Persons without signs of respiratory inefficiency but with manifest
peripheral symptoms should be treated with 2-4 mg of atropine
sulfate and 1000-2000 mg of pralidoxime chloride or 250 mg of
toxogonin (adult dose) by slow intravenous injection. More atropine
may be given as needed. Persons with severe intoxication with
respiratory difficulties, convulsions and unconsciousness should
immediately be given atropine and a reactivator; in such severe
cases 4-6 mg of atropine sulfate should be given initially followed
by repeated doses of 2 mg at 5-10 minute intervals. The patient's
condition, including respiration, blood pressure, pulse frequency,
salivation and convulsions should be carefully observed as a guide
to further administration of atropine. If the patient is cyanotic,
artificial respiration should be administered at the same time as
atropine sulfate. The airways should be kept free and artificial
respiration should be applied, if required, preferably by mechanical
means. If necessary, intubation should be performed.

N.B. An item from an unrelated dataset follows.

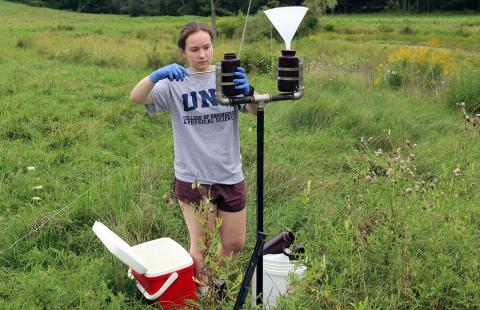 A CEPS student gathers rainwater collected for a PFAS measurement study.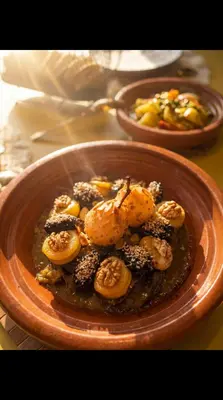 a bowl of food with shrimp on a table at villa lalla Ourika & heated pool in Oulad Akkou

Contraindications are morphine, barbiturates, phenothiazine,
tranquillizers, and central stimulants of all kinds.
5.1.5 Prognosis
If the acute toxic effects are survived and these may be prolonged,
and adequate artificial respiration has been given, the chances of
complete recovery are good. However, in very severe cases,
particularly if artificial respiration has been inadequate,
prolonged hypoxia may give rise to permanent brain damage.
5.1.6 References of previously reported cases
No clear-cut poisoning cases. However, the following references may
be helpful:
Matsushima, S. (1972) Baioteku, 3(4), 258
Tshikawa, T. (1972) Baioteku, 3(4), 263
5.2 SURVEILLANCE TESTS
Test Normal level* Action level* Symptomatic level
Plasma cholinesterase 100% 50% Variable
Erythrocyte cholinesterase 100% 70% Usually 40%
*Expressed as percentage of pre-exposure activity.
5.3 LABORATORY METHODS
5.3.1 Detection and assay of compound
It is unlikely that unchanged fenitrothion will be detectable in
human tissues after exposure. Determination of levels of blood
cholinesterase and urinary 3-methyl-4-nitrophenol (see 5.3.2 below)

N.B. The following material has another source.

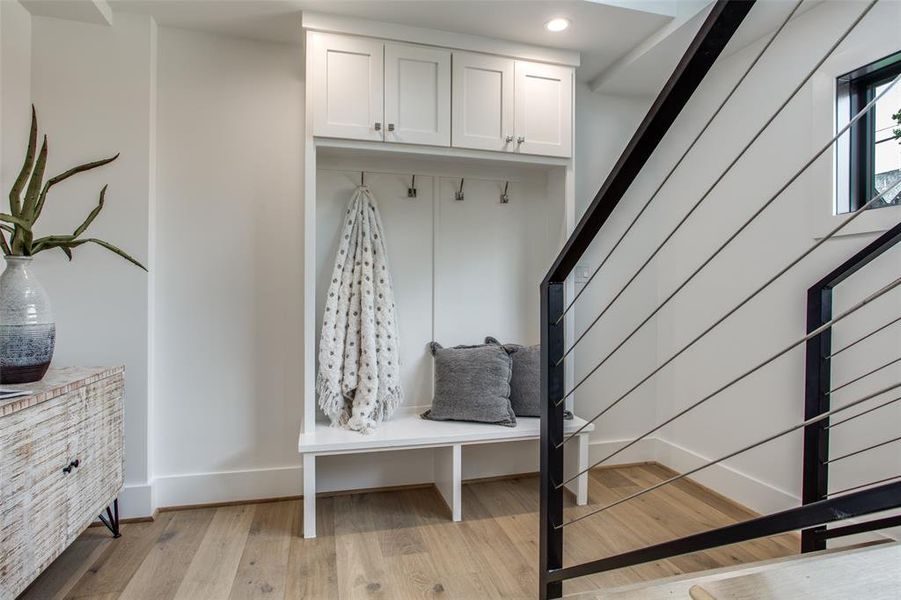 Mudroom featuring light wood flooring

should be used in cases of suspected poisoning.
Residues may be determined by hydrolysis to 3-methyl-4-nitrophenol
which is measured at 400 mu by difference in absorbency in acid and
alkaline solution or by gas liquid chromatography; see Möllhoff
(1968). For an intra-red method, see Delves & Williams (1966).
The most sensitive methods for fenitrothion utilize gas
chromatography with either a plasma-photometric detector (Bowman &
Beroza, 1969) or a thermionic detector (Miyamoto et al., 1967);
detection limits are usually 0.01-0.001 ppm.
5.3.2 Other tests in cases of poisoning
Levels of cholinesterase in the blood provide the most useful
diagnosis of poisoning; for methods of estimation see: Michel (1949)
and Stubbs (1960) for electrometric method, Ellman et al. (1961) for
spectrophotometric method and Edson (1958) for tintometric method.